Records for the task:
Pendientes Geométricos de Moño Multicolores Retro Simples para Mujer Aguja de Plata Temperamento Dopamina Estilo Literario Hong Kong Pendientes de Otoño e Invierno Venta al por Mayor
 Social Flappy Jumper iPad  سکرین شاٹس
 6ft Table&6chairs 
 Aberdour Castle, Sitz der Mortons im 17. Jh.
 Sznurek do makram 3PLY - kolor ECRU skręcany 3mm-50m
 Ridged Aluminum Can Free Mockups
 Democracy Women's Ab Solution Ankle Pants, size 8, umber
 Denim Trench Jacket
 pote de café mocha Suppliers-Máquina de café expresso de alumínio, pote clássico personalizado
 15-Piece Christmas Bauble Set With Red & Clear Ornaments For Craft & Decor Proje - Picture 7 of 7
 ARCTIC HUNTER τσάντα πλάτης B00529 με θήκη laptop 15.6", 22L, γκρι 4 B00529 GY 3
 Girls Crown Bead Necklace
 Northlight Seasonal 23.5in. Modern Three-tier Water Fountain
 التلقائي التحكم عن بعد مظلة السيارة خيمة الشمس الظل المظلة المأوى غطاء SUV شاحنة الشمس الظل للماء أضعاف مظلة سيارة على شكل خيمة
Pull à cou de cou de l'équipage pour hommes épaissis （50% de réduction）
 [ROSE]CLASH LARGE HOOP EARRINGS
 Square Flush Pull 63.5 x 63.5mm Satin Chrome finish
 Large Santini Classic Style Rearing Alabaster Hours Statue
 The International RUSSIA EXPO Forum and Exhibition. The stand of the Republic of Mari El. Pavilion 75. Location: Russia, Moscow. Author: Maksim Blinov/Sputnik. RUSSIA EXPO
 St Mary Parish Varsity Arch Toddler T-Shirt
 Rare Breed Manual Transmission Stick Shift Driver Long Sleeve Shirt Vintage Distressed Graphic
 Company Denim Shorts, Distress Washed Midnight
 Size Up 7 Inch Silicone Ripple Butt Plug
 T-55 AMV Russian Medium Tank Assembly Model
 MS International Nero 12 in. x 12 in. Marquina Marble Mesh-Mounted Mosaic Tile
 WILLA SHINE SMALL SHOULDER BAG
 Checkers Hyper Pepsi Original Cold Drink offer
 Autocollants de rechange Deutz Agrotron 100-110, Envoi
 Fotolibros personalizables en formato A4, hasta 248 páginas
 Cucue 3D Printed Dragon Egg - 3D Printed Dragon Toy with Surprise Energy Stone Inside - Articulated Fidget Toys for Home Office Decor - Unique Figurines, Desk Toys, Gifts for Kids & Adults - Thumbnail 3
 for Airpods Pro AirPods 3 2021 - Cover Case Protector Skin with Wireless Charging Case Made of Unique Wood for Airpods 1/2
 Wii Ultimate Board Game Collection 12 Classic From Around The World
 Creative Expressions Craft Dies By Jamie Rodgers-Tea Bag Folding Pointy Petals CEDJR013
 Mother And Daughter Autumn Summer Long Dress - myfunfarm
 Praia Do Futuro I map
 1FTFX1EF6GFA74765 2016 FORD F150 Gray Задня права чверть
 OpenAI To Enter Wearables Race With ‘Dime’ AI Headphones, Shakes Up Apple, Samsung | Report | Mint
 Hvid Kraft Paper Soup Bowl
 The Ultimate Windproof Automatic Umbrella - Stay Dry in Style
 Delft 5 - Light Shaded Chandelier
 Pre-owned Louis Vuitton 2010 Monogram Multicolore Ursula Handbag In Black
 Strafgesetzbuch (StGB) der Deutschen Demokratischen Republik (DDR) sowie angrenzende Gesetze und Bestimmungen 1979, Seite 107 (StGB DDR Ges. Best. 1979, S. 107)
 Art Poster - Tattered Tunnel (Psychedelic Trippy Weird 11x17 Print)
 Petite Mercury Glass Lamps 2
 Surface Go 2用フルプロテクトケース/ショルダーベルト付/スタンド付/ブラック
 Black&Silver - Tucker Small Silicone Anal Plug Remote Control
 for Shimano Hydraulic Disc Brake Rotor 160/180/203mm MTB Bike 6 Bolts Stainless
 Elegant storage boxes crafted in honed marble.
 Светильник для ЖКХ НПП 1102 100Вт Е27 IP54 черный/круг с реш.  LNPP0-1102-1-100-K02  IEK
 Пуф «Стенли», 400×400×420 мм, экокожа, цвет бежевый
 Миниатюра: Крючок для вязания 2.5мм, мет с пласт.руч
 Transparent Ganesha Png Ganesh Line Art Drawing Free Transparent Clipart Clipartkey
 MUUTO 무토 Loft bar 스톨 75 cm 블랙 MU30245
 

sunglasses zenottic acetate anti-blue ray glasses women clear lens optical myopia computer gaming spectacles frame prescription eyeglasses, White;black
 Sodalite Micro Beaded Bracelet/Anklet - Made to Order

What to produce:
Read the entries and select each line where the word "Made" is found.

Your response:
 for Airpods Pro AirPods 3 2021 - Cover Case Protector Skin with Wireless Charging Case Made of Unique Wood for Airpods 1/2
 Sodalite Micro Beaded Bracelet/Anklet - Made to Order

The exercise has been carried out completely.